ツールの対策:Google Colabを使う

「Google Colaboratory(Colab)」は、Googleが提供するブラウザベースのPythonの実行環境です。簡単に言うと、ブラウザでPythonを使えるツールです。
Gmailのアカウントがあれば利用でき、基本は無料です(今回のサンプルも無料でできます)。余談ながら、Googleドライブ上のファイルを読み込んだりすることもできます。

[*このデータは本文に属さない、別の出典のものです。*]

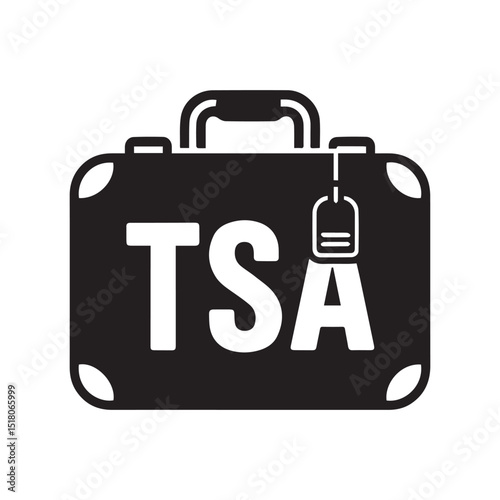 TSA Luggage Security Icon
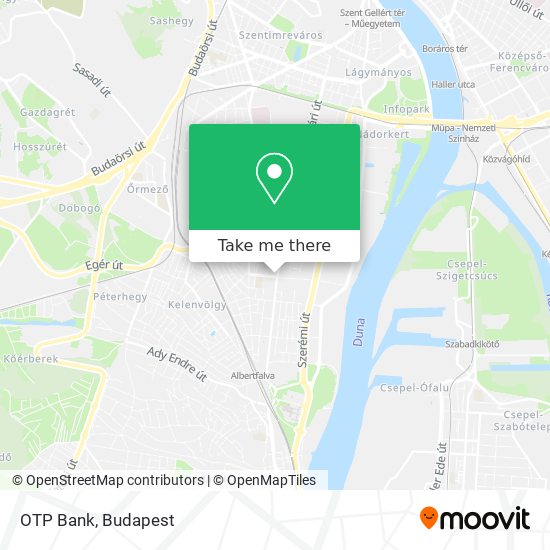 OTP Bank map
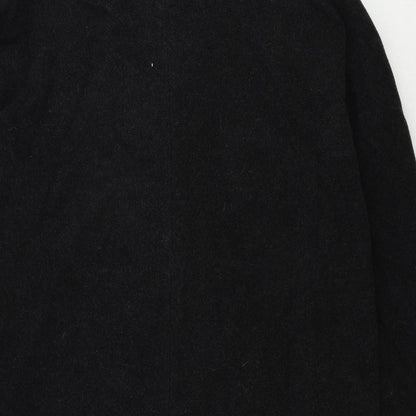 St Michael Womens Grey Overcoat Jacket Size 12 Button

Colabを使うメリットは、1にも2にも実行環境の構築が不要なことです。見知らぬソフトを入れたり、謎の呪文のようなコマンドを打っては出てくるエラーにキレる必要もありません。
よって、今回はColabを利用し、Pythonというプログラミング言語による簡単な分析めいたことを行います。最低限のプログラミングは必要ですが、極力少ない内容&コピペのみでできるようにします。
が、書いている人間も大概素人なこともあり、やることも大した内容ではない点はご容赦ください。

分析もどきをやってみる

前提

当たり前かもしれませんが、以下の環境を前提とします。

  • PCを使っていること

  • Gmailにログインしていること

ステップ1:Colabへのアクセス・ファイル作成

Googleで「Google Colab」と検索すると以下のページが出てくるのでアクセスします。

よくわからない画面が出てきますが、とりあえず左上の「ファイル」から「ノートブックを新規作成」をクリックします。これでPythonを使うためのファイル(ノートブック)が作られます。

画面左上の「ノートブックを新規作成」をクリック

ノートブックを作成すると、プログラムの入力画面が表示されます。スプレッドシートくらいの気軽さで触っていますが、れっきとしたPythonの実行環境です。

基本的な使い方は、コードを書いたら左の実行ボタンを押すだけです。別のコードを足したい場合は、コードを入れるところ(「セル」と言います)の下にある「+コード」ボタンを押してください。

サンプルのコードを書いていますが、特にコピペする必要はありません

ステップ2:pybaseballのインストール

いきなり「pybaseball」なる横文字が出ましたが、これがMLBのデータ分析に必要な食材と調理器具のセットです。

pythonには「ライブラリ」と呼ばれるものがたくさんあります。いわゆる魔法のようなものです。魔法の中でもファイアは炎、サンダーは雷といったように、複数の種類が存在します。pythonの世界も同様で、用途に応じて様々なライブラリを使い分ける必要があります。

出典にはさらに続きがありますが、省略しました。